The movie has bagged several awards at the People’s Choice Award at the 2021 Toronto International Film Festival and the Golden Globes.

The National Board of Review named it one of the best films of 2021.

“The Fall” actor added: “Ken was very much saying – and he will continue to say – that it’s semi-autobiographical and it’s based on life events that are fictionalised, and of course that’s true, and I'll back that up.

“But much of it happened – most of it happened – and a lot of the specific parts of the story are true.

“But he was always playing that down and I think it was to give us freedom, so that we didn’t feel the pressure of playing the most important people in his life and telling his story.”

In many ways, slipping into the skin of Pa stirred a myriad emotions for Dornan. It became a deeply personal depiction for him as he is au fait with the history and was born into the conflict.

He added: “I’ve not played quite a character like this, from Belfast, before.

“I will continue to and I want to tell stories from that part of the world for the entirety of my career, should I be given the opportunity and, as so far I have a few times, but never as on the nose as a movie called ‘Belfast’, and that’s not going to come around too often and obviously not again after this.

“It resonated with me in a very sincere way and it’s a great depiction of a family.

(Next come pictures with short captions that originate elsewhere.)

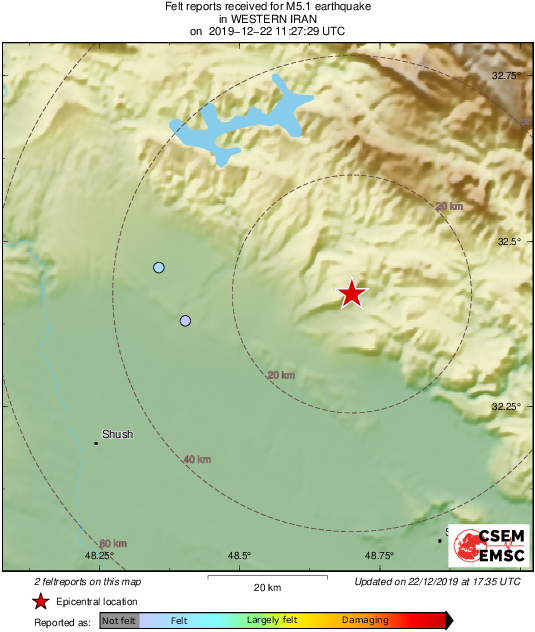 Intensity Map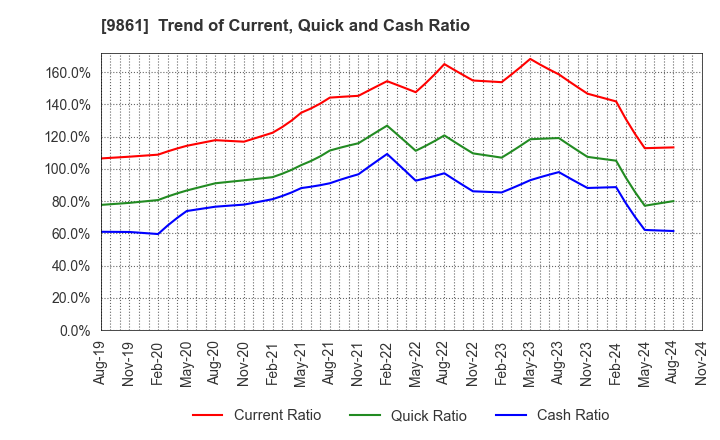 9861 YOSHINOYA HOLDINGS CO.,LTD.: Trend of Current, Quick and Cash Ratio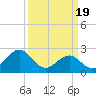 Tide chart for Triple ESS Marina, Atlantic Beach, North Carolina on 2024/03/19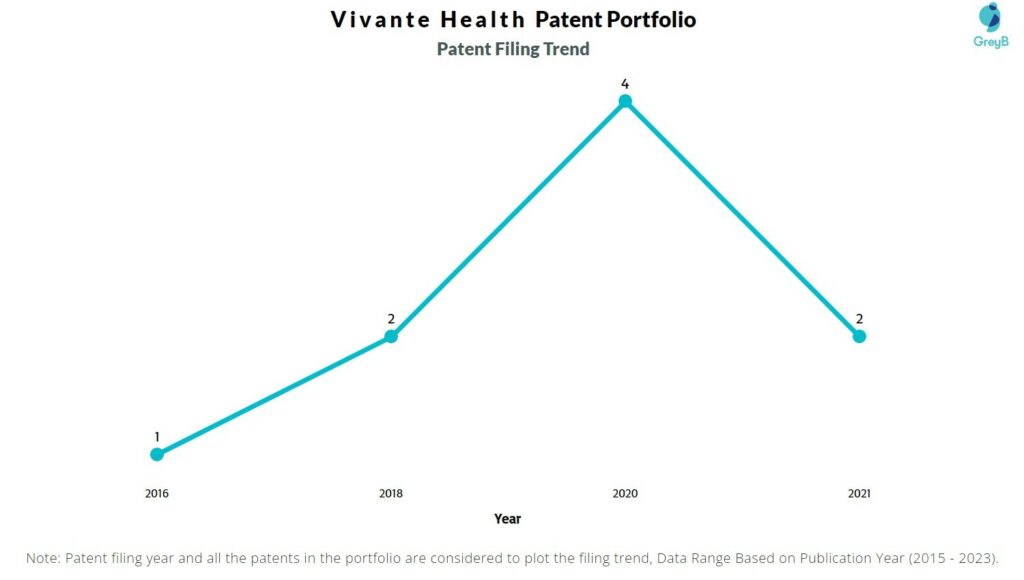 Vivante Health Patent Filing Trend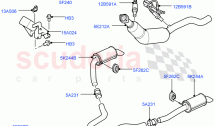 Exhaust Systems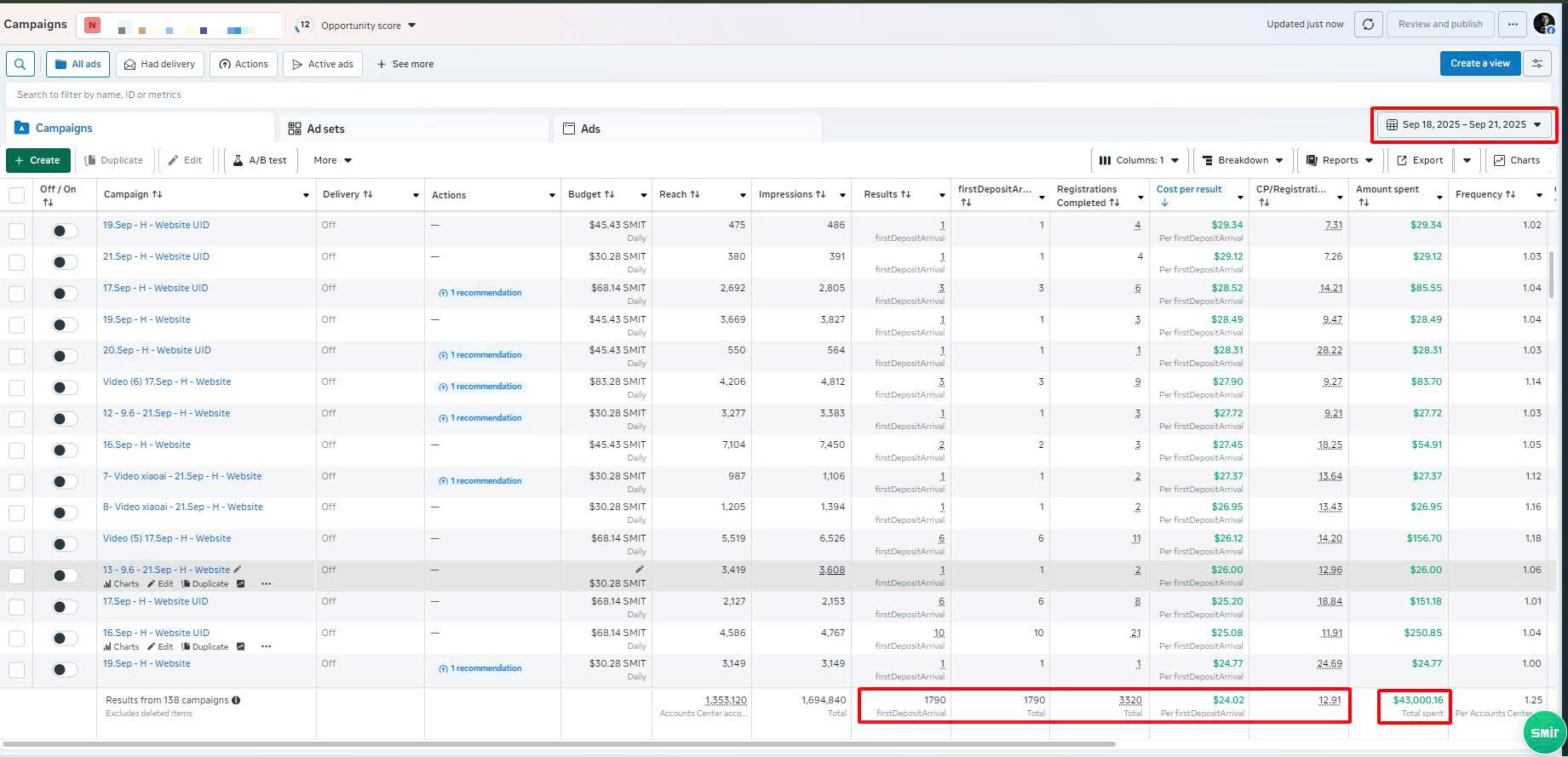 Facebook Ads - App Finance 2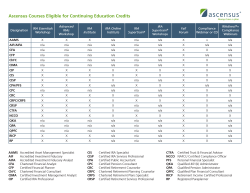 Continuing Education Credits Chart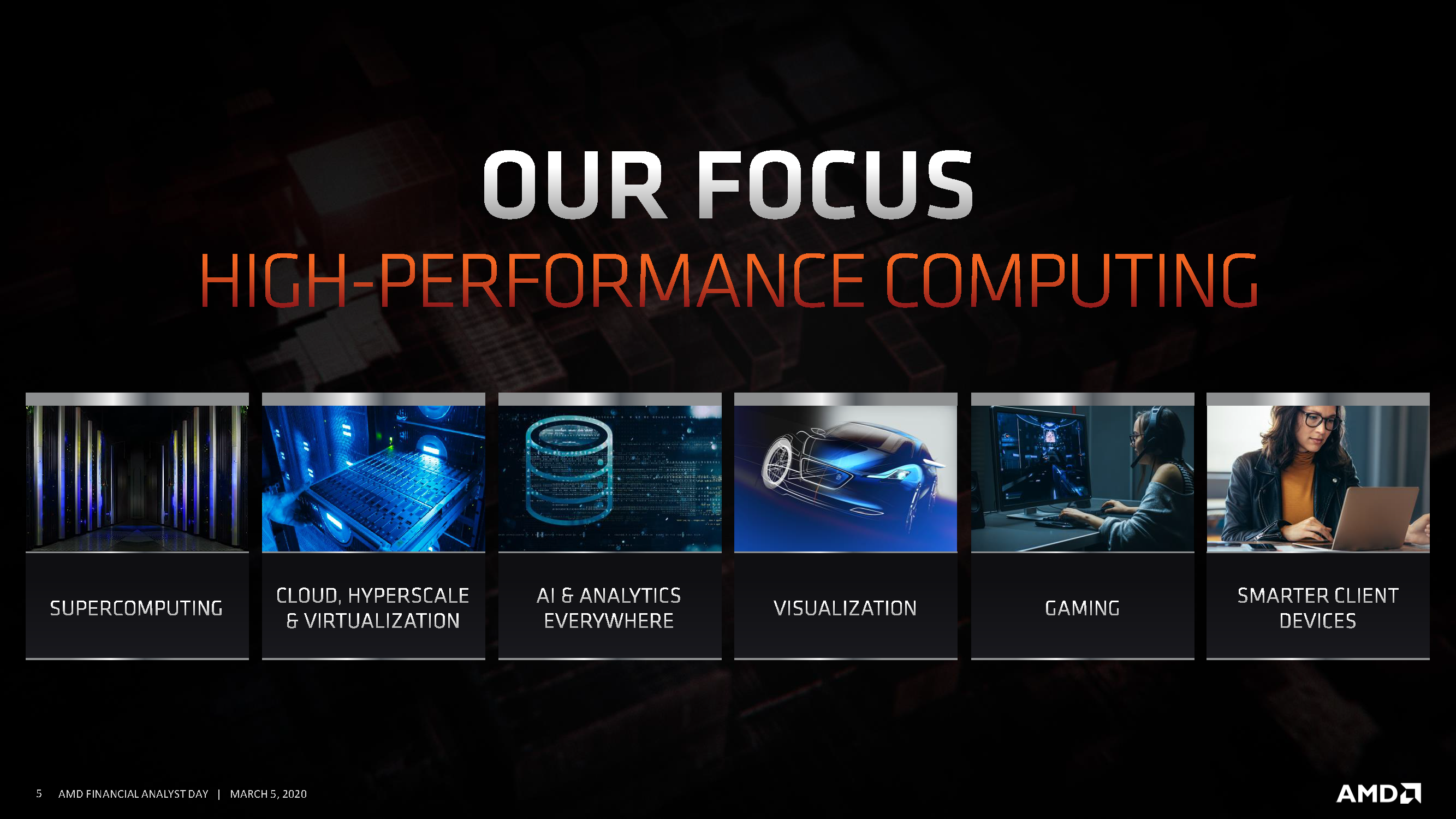 AMD Highlights Path to the Future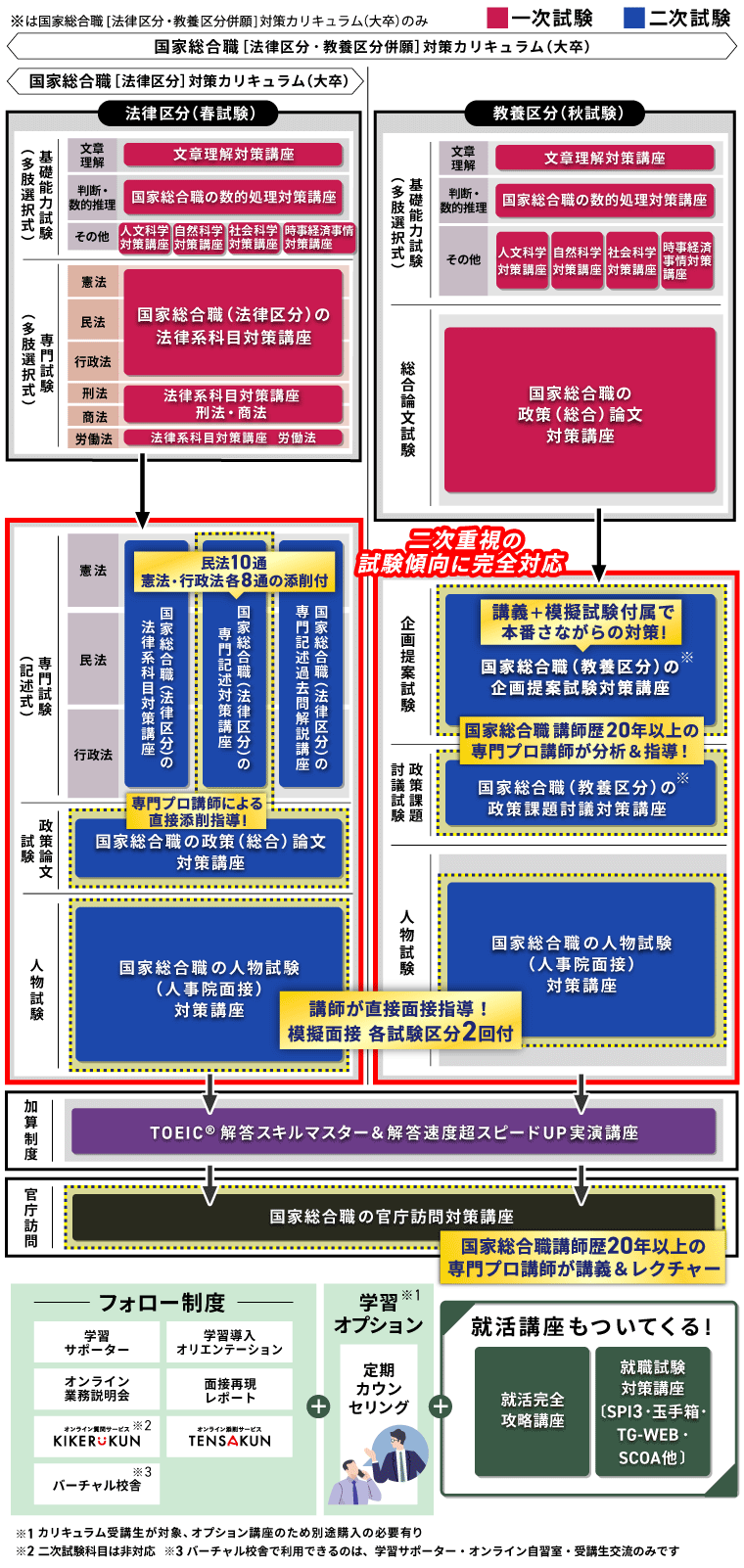 公務員試験｜【2026年合格目標】国家総合職［法律区分・教養区分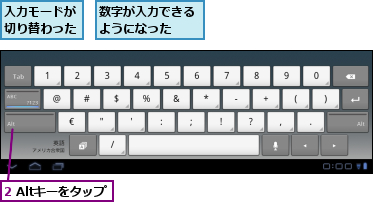 2 Altキーをタップ,入力モードが切り替わった,数字が入力できるようになった　　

And I think that is why it has resonated with so many people across the world. I’ve had people from Ghana to Haiti to Spain come up to me and say: ‘That’s my story.’

“Is it exactly my story? No. I come from a more middle-class background than Ken did. I grew up in a different era.

“I was born 13 years into the conflict and Ken was alive when it began.

“But that understanding I have of people from that part of the world; their resilience and humour, and that understanding of families and of Belfast is in my bones. It just is.

“So, a lot of it I was able to take from my own upbringing and my own experiences and I was able to put that into the part.”

“Belfast” is showing at cinemas, nationwide.